Stored data:
■ ■ ■ ■
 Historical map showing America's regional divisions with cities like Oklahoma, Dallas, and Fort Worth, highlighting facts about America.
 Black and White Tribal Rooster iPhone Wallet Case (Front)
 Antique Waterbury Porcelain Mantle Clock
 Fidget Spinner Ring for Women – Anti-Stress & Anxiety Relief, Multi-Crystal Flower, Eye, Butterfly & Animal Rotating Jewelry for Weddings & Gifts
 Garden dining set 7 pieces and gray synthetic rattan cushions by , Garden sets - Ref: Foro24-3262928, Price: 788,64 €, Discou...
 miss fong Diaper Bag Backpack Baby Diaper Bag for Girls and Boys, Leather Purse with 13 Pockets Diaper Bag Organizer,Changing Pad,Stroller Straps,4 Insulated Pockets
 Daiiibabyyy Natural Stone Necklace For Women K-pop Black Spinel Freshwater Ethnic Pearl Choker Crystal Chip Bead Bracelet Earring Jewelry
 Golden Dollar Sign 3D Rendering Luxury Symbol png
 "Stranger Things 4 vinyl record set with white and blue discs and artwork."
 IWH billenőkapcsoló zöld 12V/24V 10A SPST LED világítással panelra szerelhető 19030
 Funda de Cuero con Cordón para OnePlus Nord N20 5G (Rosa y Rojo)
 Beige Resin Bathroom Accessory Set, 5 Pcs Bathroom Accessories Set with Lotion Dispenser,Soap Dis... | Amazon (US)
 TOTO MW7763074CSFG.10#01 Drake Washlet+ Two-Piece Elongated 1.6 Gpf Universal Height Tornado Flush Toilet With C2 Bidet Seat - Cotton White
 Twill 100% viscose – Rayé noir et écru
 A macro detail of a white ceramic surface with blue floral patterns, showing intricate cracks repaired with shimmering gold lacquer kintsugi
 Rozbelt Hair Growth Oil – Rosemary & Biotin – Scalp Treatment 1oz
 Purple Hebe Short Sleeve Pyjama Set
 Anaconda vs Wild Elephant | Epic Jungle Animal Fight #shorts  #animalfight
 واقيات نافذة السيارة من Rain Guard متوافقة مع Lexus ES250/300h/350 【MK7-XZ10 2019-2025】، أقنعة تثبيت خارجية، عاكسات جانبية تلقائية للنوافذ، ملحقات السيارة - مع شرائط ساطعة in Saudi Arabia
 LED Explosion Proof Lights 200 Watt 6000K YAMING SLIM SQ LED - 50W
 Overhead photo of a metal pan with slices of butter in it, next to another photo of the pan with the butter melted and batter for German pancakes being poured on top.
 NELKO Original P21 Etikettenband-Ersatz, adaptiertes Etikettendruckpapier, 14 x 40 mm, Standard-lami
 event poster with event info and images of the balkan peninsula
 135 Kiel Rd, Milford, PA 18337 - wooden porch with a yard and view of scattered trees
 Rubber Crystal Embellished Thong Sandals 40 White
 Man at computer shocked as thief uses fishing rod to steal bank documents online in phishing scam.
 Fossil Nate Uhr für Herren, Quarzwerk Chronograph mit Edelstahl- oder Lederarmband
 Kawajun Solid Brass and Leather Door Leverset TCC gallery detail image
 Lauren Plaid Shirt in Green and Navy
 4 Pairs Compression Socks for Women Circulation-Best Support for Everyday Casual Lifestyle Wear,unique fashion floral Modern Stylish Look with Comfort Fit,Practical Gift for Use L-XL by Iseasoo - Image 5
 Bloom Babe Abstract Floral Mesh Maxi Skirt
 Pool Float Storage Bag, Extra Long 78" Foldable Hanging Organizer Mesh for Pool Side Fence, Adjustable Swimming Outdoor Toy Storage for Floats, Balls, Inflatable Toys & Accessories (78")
■ ■ ■ ■
Task objective
Some lines in the data above may hold the word "showing". Say how many, with no other words.

Answer space
2